═════ GIVEN DATA ═════

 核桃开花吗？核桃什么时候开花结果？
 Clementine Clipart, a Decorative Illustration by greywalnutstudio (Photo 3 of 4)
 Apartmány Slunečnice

═════

WORK TASK -
The required answer is every line of the data, duplicated exactly.

SOLUTION FOR THIS TASK -
 核桃开花吗？核桃什么时候开花结果？
 Clementine Clipart, a Decorative Illustration by greywalnutstudio (Photo 3 of 4)
 Apartmány Slunečnice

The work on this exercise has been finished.